Part One: Listing = The Contest and Transfer of Asset Pricing Power
This article divides the listing pathway into four stages: Baby Teeth → Growing Teeth → Malocclusion → Orthodontic Correction. The thread running through all four evolutionary stages is a single question: who controls the asset's pricing power.
[Image: four-stage evolution diagram]
Stage One (Community Pricing) Pricing power rests with "shillers" and grassroots communities. Traffic is king — whoever shouts loudest is right. The result is bad money driving out good, and the market flooded with noise.
Stage Two (Exchange Pricing) Exchanges reclaim pricing power through IEO/Launchpad, acting as "gatekeepers" and "investment banks." The exchange's credibility endorsement becomes the core support for asset prices.
Stage Three (The Collapse of VC Pricing) VCs accumulate excessive pricing power in the primary market, leaving the secondary market unprofitable. Exchanges are forced to intervene, attempting through coercive means (airdrops) to "rob the rich to feed the poor" — but this is only a painkiller, treating symptoms rather than root causes.
Stage Four (Market/Derivatives Pricing) Capital in the game is no longer in spot — so pricing power is handed to more mature financial mechanisms. Through "derivatives trading" and pre-market trading, the market forms a fair price through full-scale competition, no longer dependent on a single narrative or a VC's valuation report.

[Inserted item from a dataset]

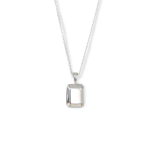 Rectangle Disc Charm In Silver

Part Two: The Historical Context, Logic, and Evolution of Token Listings
Stage One: 2017–2018 — The "Baby Teeth Era" — A Wild Age Where Volume Is Justice
Pathway core: Direct Listing, Community Voting
The industry at this time was in a state of "no dentists." Listing logic carried a strong flavor of founder and community sovereignty — if a project could mobilize fans, it could get in the door.
Historical Context
This was crypto's "Genesis" phase. The industry was still purely a trading platform era; users primarily cared about convenience, speed, and low cost of trading. The mainstream exchanges of that time were mostly slow and unstable. Newcomer platforms built reputations through "radical simplicity" — no complex educational systems or social features, interfaces designed entirely for experienced professional traders.
Causes
User acquisition anxiety: Early-stage platforms needed low-cost, high-efficiency means to attract traffic away from competitors. "Community voting" was not just about selecting coins — it was a contest for community belonging.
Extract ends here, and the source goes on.